(Data begins)

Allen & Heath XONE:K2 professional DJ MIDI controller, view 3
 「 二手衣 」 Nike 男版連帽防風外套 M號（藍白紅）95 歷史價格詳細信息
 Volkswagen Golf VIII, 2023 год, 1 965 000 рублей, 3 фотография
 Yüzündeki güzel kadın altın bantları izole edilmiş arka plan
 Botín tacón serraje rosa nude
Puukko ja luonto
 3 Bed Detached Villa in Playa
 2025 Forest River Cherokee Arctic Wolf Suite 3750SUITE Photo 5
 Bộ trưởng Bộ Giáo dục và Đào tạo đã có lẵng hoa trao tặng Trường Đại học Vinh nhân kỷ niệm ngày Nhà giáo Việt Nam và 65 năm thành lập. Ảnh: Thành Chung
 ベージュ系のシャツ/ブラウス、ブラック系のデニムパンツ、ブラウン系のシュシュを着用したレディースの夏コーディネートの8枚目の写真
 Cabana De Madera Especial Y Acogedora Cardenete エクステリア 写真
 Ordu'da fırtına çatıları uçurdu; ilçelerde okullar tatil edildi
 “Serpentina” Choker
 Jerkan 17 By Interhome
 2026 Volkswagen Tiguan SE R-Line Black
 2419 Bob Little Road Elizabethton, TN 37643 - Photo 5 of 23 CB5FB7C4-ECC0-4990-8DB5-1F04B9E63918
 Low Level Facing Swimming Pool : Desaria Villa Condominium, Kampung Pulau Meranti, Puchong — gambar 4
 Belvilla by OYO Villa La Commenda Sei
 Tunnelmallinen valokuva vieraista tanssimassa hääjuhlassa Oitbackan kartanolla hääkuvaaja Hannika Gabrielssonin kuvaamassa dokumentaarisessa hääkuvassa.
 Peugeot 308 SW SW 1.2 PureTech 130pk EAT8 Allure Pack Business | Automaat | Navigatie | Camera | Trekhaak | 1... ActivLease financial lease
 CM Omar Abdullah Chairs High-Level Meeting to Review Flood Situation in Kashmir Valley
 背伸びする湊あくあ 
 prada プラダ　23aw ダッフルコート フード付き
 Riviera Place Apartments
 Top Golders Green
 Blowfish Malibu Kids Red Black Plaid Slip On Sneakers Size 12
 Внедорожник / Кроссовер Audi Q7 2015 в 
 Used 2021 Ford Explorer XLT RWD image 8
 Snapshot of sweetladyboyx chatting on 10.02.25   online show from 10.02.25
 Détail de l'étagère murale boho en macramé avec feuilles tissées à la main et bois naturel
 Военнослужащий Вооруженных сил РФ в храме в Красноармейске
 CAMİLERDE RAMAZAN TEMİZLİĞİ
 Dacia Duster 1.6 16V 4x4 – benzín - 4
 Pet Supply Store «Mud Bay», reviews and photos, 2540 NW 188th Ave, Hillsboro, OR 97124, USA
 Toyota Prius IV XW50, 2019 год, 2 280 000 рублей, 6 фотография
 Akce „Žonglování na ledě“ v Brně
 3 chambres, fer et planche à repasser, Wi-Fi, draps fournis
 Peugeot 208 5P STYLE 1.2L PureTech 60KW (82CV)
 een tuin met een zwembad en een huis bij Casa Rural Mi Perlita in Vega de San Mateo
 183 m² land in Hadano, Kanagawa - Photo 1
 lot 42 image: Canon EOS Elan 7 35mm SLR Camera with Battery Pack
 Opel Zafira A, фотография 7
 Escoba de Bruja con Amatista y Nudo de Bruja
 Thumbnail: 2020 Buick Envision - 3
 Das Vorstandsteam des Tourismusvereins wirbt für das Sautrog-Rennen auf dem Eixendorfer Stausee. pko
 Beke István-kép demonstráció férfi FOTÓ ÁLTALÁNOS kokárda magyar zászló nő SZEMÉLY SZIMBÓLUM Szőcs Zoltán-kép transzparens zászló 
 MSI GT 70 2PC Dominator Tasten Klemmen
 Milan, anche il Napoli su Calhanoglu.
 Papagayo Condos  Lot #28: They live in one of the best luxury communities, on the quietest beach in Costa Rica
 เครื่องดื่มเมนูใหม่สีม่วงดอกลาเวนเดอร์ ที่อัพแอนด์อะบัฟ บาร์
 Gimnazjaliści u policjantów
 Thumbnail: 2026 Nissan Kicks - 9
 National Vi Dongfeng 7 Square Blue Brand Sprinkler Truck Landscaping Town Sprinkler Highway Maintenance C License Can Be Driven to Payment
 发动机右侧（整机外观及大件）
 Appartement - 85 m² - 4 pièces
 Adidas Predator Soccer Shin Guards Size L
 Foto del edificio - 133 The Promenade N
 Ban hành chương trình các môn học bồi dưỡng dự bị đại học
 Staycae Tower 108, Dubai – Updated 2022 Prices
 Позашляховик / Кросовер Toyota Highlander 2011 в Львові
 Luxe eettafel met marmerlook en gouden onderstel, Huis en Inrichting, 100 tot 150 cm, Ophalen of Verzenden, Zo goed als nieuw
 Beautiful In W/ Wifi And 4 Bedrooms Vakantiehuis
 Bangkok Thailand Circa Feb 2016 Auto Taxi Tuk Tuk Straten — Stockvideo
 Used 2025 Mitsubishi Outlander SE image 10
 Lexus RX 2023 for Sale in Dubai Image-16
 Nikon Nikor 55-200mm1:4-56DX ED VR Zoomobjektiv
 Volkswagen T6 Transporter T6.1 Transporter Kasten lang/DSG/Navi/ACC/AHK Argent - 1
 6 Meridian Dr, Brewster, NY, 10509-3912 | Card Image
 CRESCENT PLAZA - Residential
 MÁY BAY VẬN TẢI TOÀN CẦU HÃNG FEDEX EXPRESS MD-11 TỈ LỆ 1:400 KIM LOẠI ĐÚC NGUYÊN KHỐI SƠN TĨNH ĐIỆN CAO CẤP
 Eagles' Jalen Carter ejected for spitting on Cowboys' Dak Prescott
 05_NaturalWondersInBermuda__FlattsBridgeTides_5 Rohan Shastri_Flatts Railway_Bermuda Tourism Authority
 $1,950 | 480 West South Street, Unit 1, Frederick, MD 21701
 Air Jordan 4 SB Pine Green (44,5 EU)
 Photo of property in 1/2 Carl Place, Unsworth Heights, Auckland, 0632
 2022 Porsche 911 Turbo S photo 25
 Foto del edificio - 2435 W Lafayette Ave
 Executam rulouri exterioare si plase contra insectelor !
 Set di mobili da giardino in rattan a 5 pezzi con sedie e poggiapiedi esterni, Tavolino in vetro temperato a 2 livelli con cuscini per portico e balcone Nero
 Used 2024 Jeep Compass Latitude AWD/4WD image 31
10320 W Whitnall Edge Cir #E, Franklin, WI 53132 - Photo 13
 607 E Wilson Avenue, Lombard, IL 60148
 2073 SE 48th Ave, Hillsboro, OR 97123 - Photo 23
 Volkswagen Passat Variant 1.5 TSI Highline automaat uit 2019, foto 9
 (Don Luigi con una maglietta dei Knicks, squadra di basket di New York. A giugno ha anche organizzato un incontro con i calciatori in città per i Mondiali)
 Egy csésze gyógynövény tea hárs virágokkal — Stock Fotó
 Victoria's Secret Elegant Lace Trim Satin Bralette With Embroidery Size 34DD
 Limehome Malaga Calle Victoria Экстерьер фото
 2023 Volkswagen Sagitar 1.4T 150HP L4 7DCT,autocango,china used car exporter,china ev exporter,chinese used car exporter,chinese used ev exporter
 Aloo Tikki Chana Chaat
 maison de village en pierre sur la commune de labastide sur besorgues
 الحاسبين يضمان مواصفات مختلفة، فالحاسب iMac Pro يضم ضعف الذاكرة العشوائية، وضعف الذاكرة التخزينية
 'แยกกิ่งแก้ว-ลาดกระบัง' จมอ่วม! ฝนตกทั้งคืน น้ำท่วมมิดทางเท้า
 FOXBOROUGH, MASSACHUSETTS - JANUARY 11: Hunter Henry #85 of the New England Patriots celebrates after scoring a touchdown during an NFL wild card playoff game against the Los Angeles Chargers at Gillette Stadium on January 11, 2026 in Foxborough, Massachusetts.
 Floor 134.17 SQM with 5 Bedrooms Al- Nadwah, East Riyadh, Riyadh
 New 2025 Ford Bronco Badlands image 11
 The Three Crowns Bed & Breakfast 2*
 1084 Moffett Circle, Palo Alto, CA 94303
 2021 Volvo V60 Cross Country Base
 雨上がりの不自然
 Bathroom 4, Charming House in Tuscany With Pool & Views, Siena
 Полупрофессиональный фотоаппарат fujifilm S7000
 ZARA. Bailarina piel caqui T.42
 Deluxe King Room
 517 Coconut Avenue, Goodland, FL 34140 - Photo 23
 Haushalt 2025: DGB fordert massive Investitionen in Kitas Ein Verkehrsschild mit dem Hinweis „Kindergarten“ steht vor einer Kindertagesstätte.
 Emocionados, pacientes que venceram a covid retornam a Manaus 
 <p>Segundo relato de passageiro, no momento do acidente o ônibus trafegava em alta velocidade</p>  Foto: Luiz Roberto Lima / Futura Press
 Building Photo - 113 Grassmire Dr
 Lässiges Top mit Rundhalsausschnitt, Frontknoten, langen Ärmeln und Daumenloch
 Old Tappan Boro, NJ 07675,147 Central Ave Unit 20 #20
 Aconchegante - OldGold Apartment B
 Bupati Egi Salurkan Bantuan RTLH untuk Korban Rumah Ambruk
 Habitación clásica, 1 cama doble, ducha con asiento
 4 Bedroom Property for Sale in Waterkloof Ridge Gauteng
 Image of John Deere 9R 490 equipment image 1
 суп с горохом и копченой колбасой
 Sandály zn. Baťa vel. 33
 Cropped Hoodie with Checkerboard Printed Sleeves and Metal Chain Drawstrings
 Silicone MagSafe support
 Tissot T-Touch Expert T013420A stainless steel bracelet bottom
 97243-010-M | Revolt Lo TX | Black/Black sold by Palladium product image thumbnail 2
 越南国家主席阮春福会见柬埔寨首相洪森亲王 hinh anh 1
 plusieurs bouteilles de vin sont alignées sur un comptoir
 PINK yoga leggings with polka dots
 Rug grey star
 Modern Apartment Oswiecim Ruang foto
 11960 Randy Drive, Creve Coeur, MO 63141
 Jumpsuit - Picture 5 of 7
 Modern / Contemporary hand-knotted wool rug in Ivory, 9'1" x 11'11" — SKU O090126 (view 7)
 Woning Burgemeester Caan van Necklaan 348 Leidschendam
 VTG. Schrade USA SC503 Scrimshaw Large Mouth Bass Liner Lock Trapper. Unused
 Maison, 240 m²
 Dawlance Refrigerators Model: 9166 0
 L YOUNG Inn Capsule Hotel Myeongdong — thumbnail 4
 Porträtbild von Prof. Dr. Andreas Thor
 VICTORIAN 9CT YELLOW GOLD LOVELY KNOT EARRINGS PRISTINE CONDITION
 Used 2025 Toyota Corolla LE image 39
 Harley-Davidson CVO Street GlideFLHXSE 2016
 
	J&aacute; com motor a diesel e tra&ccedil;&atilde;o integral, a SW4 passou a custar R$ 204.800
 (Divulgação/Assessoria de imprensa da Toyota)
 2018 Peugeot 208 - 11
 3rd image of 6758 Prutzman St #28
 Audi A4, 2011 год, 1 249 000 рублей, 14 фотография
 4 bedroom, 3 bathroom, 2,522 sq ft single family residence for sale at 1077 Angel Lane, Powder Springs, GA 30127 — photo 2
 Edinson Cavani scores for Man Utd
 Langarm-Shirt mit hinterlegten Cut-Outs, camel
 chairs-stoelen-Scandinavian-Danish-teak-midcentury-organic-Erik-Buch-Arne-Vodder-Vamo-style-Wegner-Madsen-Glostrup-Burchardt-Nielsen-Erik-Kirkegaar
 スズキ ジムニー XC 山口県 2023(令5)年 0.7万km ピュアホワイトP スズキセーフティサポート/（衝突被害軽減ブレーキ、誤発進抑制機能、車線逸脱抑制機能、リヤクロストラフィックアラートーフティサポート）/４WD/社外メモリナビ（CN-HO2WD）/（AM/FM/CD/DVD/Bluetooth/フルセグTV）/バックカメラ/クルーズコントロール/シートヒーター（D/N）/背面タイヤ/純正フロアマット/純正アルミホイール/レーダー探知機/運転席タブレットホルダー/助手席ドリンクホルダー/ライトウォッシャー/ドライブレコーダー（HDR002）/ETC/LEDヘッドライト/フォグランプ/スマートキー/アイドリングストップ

(Data ends)

Directions: Count every line of the data above that includes the word "рублей", then state the total and nothing more.

Exercise answer: 3